STUTTGART, Germany — The U.S. launched five airstrikes over two days against Al-Shabab militants in Somalia who were preparing to battle American-backed troops in a city south of Mogadishu, U.S. Africa Command said Thursday.
“These precision airstrikes targeted members of the al-Qaida-aligned terrorist network as they massed and maneuvered in the vicinity of an ongoing Somali-led ground operation,” AFRICOM said in a statement Thursday.
The militants targeted in the strikes Monday and Tuesday posed a “direct threat” to Somali security forces, AFRICOM said. American troops were in the area “to advise and assist” the Somalis, it said.
“We eliminated terrorists posing a direct and immediate threat, allowing our African partners to maintain the momentum on the ground,” said Maj. Gen. William Gayler, AFRICOM’s director of operations.
No civilians were believed to have been killed in the operation, AFRICOM said. It did not say how many Al-Shabab fighters were killed in the attack.

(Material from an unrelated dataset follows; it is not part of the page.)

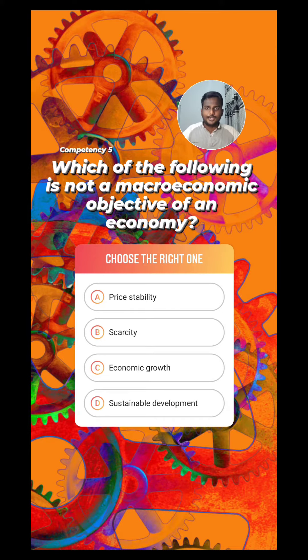Hello everyone. In this video we will have a look at this question: Which of the following is not a macroeconomic objective of an economy?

AFRICOM has stepped up its campaign in Somalia in recent years, carrying out a record 63 airstrikes in 2019. With around 25 strikes launched against militants in the Horn of Africa country in the first three months of 2020, U.S. airstrikes in Somalia this year look to be on track to outpace last year’s tally.
The U.S. is also training Somali military units in the hope that they will eventually be able to counter Al-Shabab on their own.
Al-Shabab holds less territory in Somalia than it did a decade ago but is still able to carry out high-profile attacks inside and outside of the country, and has expressed the ambition to target the U.S.
Three Americans — a soldier and two military contractors — were killed in January when Al-Shabab extremists attacked the Manda Bay airfield in Kenya, which is used by the U.S. military. The mastermind of the attack on the airfield was killed the following month in a U.S. airstrike, AFRICOM said.